Requirement » Write out again, exactly, the lines below starting at the one with "08-396300-10 Piston Ring Kit" and ending at the one with "Vertical Blue Arrow".

Records for this task »
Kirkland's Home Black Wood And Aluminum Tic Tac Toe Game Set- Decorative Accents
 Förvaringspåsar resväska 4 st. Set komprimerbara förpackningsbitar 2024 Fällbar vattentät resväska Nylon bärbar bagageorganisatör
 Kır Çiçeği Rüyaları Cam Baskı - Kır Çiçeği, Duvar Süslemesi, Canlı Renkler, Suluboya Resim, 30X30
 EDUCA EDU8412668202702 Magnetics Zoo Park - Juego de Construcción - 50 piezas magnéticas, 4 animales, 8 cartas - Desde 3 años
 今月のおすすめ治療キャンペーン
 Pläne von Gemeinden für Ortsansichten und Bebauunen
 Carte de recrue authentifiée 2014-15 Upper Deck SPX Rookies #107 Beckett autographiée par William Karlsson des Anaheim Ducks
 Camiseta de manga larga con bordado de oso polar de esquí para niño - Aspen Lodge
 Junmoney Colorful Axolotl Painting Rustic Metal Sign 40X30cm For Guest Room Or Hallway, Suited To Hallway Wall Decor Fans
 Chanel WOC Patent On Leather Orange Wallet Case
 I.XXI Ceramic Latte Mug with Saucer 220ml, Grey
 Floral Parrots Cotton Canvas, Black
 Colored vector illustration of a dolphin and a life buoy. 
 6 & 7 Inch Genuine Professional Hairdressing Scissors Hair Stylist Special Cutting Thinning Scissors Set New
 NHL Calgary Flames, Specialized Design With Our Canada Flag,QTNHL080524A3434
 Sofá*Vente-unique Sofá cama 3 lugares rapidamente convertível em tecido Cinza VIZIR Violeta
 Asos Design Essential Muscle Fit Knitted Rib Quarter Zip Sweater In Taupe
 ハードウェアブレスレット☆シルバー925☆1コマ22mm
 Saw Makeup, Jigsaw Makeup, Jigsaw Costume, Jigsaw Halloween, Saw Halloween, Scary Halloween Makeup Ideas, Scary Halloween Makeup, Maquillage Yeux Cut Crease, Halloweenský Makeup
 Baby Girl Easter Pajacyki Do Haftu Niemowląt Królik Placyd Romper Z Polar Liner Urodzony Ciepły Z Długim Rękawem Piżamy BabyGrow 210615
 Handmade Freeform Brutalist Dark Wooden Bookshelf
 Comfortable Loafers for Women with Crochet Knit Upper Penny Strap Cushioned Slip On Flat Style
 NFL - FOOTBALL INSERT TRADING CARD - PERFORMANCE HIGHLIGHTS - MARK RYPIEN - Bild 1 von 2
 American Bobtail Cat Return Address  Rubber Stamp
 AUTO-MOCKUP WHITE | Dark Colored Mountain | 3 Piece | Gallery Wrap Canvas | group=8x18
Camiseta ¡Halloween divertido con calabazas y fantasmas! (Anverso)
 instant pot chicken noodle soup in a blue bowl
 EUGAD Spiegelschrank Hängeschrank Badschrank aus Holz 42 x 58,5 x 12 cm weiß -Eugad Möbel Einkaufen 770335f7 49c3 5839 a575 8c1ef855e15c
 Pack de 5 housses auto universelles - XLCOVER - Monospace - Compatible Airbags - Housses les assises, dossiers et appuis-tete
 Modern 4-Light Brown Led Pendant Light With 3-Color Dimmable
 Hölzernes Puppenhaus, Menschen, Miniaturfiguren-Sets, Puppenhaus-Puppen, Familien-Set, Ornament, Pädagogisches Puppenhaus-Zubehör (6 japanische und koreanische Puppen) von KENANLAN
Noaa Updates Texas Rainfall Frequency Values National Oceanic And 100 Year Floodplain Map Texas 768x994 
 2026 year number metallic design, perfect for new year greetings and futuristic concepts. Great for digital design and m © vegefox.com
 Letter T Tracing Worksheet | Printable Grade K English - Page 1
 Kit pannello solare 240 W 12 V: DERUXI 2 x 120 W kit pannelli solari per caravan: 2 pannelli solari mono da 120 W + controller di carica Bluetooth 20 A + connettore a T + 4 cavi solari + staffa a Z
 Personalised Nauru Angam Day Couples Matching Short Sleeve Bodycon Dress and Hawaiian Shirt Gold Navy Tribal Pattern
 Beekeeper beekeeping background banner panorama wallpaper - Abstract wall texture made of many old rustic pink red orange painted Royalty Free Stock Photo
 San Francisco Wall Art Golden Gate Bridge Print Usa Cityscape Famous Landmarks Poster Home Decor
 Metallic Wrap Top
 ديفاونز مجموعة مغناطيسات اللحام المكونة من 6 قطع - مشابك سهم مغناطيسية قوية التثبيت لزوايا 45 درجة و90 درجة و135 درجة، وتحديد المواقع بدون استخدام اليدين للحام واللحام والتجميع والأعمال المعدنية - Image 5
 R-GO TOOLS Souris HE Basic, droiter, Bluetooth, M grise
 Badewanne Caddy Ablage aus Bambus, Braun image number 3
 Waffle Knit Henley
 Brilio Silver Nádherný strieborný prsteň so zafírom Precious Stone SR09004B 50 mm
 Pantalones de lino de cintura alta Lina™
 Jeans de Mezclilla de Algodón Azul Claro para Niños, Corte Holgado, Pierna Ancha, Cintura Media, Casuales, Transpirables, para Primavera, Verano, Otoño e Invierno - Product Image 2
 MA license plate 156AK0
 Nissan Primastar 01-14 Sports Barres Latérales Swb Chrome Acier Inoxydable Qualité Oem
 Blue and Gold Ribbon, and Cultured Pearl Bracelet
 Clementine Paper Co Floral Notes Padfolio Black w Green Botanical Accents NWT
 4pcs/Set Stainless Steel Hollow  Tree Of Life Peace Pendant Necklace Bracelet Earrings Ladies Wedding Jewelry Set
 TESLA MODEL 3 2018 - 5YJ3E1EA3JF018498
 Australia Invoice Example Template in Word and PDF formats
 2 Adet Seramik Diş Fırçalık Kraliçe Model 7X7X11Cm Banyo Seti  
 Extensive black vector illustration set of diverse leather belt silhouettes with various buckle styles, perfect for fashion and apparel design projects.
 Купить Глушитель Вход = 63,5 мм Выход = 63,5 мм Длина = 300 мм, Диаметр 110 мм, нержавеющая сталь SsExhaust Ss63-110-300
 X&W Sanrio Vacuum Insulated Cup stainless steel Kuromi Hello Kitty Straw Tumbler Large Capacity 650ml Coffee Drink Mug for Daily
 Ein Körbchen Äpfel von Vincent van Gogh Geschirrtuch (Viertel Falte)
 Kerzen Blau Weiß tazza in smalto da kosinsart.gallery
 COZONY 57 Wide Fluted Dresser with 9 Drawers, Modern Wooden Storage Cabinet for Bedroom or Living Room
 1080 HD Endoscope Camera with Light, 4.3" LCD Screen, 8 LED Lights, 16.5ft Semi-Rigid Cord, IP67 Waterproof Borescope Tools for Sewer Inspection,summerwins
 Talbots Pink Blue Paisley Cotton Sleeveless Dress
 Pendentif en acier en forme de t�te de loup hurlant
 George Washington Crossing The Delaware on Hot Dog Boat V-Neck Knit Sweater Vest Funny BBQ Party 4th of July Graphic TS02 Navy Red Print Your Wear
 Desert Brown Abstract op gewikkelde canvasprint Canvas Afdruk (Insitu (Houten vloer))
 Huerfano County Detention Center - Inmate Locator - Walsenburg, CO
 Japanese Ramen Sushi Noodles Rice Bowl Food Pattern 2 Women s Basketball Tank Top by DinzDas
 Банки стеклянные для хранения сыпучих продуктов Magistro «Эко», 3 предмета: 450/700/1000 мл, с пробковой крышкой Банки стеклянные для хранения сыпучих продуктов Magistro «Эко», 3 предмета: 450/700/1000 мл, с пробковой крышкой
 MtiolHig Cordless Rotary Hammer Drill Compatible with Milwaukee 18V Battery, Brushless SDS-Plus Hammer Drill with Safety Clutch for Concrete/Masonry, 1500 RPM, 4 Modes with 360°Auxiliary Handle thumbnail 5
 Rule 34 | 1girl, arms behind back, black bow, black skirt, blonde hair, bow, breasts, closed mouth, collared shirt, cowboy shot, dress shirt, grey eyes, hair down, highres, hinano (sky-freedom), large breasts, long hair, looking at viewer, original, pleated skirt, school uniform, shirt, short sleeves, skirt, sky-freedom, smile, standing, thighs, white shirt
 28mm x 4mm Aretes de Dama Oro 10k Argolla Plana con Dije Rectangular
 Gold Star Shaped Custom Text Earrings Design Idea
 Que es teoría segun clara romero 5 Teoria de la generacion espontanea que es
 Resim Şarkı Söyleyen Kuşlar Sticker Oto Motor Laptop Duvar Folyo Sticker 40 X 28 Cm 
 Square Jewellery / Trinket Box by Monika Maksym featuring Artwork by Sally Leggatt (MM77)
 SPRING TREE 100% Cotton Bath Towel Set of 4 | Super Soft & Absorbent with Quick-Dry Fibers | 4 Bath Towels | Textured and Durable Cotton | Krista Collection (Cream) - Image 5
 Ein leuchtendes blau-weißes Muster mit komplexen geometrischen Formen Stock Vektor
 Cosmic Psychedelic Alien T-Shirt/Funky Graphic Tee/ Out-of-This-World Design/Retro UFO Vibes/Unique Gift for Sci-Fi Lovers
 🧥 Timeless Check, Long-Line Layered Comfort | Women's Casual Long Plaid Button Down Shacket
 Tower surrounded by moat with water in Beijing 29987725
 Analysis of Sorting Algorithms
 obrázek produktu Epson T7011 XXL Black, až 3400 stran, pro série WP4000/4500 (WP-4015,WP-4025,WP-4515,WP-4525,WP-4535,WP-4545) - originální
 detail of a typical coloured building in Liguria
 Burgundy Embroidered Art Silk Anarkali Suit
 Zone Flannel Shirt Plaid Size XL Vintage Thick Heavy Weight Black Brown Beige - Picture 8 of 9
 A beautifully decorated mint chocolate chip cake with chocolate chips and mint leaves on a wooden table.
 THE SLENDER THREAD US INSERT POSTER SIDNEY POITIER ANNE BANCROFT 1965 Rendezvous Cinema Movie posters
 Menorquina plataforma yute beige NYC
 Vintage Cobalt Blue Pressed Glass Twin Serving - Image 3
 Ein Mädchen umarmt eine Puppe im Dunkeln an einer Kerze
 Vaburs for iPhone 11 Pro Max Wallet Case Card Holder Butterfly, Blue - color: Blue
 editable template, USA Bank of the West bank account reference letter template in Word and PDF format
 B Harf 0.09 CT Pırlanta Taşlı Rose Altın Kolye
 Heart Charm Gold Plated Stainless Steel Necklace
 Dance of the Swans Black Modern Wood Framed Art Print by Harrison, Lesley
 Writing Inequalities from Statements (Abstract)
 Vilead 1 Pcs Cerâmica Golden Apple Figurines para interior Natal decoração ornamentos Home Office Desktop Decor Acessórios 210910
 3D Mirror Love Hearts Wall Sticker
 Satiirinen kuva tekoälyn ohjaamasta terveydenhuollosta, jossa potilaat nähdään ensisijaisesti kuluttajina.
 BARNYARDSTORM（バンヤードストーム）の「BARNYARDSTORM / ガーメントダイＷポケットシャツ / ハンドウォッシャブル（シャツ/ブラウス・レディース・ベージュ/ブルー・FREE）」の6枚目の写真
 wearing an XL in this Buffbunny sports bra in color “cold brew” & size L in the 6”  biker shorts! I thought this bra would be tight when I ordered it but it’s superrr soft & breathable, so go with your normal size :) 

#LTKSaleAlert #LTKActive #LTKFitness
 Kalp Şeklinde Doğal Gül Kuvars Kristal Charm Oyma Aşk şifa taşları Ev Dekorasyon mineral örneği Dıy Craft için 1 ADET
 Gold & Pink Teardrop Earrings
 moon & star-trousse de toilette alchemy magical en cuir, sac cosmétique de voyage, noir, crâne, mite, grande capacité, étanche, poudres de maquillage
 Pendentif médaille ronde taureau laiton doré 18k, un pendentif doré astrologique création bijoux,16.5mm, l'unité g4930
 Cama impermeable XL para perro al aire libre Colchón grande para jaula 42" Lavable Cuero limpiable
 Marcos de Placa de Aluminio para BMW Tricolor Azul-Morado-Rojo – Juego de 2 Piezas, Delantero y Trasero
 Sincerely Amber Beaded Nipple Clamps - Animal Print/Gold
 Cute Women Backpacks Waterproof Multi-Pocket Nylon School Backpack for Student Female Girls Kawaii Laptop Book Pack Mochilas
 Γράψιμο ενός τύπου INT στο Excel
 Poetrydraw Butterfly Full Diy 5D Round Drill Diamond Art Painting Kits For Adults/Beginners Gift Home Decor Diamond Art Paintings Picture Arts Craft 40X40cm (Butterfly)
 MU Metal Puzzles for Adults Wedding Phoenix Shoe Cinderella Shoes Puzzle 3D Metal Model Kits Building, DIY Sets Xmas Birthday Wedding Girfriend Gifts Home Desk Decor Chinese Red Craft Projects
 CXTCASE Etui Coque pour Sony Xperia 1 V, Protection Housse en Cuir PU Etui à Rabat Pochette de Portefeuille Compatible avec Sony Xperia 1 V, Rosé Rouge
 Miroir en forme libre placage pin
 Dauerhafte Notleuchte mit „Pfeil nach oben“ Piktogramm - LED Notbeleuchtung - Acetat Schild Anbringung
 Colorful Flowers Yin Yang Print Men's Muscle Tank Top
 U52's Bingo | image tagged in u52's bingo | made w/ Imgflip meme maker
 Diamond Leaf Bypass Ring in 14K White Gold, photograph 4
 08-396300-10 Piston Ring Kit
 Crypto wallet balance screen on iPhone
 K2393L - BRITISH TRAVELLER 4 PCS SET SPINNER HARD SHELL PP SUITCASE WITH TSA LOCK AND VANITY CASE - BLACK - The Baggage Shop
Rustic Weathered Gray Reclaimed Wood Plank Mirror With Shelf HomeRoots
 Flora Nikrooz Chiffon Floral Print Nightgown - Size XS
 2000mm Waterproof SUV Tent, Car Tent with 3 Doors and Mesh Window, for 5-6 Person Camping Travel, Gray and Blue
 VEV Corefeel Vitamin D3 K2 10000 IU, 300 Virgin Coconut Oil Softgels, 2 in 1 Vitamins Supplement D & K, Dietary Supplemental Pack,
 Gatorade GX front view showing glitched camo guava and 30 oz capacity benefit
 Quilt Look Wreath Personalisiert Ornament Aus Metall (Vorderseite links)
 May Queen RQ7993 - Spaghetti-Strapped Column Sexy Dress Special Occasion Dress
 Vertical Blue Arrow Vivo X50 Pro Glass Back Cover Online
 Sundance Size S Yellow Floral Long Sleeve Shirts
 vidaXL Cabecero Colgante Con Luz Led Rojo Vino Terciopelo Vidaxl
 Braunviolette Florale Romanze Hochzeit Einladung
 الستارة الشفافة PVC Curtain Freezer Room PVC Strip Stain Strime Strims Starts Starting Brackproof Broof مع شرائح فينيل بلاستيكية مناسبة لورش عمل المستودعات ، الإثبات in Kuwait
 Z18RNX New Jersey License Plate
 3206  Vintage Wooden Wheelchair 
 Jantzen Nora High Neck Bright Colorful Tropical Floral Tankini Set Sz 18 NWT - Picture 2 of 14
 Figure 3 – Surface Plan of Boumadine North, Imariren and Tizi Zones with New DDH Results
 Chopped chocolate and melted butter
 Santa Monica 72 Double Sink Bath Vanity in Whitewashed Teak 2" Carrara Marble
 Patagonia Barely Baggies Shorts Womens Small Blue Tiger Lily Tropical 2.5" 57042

Output for this exercise »
 08-396300-10 Piston Ring Kit
 Crypto wallet balance screen on iPhone
 K2393L - BRITISH TRAVELLER 4 PCS SET SPINNER HARD SHELL PP SUITCASE WITH TSA LOCK AND VANITY CASE - BLACK - The Baggage Shop
Rustic Weathered Gray Reclaimed Wood Plank Mirror With Shelf HomeRoots
 Flora Nikrooz Chiffon Floral Print Nightgown - Size XS
 2000mm Waterproof SUV Tent, Car Tent with 3 Doors and Mesh Window, for 5-6 Person Camping Travel, Gray and Blue
 VEV Corefeel Vitamin D3 K2 10000 IU, 300 Virgin Coconut Oil Softgels, 2 in 1 Vitamins Supplement D & K, Dietary Supplemental Pack,
 Gatorade GX front view showing glitched camo guava and 30 oz capacity benefit
 Quilt Look Wreath Personalisiert Ornament Aus Metall (Vorderseite links)
 May Queen RQ7993 - Spaghetti-Strapped Column Sexy Dress Special Occasion Dress
 Vertical Blue Arrow Vivo X50 Pro Glass Back Cover Online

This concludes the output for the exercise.